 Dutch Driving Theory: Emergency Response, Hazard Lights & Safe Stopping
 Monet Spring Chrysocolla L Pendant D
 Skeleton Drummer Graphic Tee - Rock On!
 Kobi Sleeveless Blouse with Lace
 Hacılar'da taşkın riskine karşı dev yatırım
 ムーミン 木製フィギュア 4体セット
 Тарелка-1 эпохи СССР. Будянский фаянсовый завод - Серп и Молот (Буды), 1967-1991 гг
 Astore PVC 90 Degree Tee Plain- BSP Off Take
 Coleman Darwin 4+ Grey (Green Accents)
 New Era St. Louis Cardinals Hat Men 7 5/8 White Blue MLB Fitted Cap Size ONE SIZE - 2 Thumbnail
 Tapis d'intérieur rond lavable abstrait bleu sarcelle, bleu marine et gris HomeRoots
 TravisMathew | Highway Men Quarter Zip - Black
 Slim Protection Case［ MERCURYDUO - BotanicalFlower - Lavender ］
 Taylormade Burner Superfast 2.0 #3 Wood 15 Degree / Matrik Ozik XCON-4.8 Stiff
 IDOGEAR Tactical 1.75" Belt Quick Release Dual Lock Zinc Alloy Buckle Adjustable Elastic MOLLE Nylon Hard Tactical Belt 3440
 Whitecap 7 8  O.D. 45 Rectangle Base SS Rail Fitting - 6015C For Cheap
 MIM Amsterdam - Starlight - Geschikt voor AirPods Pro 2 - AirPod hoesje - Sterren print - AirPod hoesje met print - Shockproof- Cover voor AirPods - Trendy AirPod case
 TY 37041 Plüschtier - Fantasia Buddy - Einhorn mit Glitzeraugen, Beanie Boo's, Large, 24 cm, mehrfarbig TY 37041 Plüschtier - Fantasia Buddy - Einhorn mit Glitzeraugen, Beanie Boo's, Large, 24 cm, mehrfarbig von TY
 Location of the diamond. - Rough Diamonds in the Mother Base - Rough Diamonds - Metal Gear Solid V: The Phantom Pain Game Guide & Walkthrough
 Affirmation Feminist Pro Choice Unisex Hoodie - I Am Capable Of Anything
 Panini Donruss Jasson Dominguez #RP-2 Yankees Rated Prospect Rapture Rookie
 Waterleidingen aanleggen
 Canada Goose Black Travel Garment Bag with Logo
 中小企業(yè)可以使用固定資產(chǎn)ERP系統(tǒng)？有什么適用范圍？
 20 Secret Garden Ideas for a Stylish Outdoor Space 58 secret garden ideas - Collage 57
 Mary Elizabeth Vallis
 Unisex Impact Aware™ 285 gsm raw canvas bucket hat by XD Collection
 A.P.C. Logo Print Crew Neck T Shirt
#####
### To do
Please return the lines above that run from the line containing "Hacılar'da taşkın riskine karşı dev yatırım" to the line containing "Tactical Belt 3440", inclusive, exactly and with no other lines.

### Result for this exercise
 Hacılar'da taşkın riskine karşı dev yatırım
 ムーミン 木製フィギュア 4体セット
 Тарелка-1 эпохи СССР. Будянский фаянсовый завод - Серп и Молот (Буды), 1967-1991 гг
 Astore PVC 90 Degree Tee Plain- BSP Off Take
 Coleman Darwin 4+ Grey (Green Accents)
 New Era St. Louis Cardinals Hat Men 7 5/8 White Blue MLB Fitted Cap Size ONE SIZE - 2 Thumbnail
 Tapis d'intérieur rond lavable abstrait bleu sarcelle, bleu marine et gris HomeRoots
 TravisMathew | Highway Men Quarter Zip - Black
 Slim Protection Case［ MERCURYDUO - BotanicalFlower - Lavender ］
 Taylormade Burner Superfast 2.0 #3 Wood 15 Degree / Matrik Ozik XCON-4.8 Stiff
 IDOGEAR Tactical 1.75" Belt Quick Release Dual Lock Zinc Alloy Buckle Adjustable Elastic MOLLE Nylon Hard Tactical Belt 3440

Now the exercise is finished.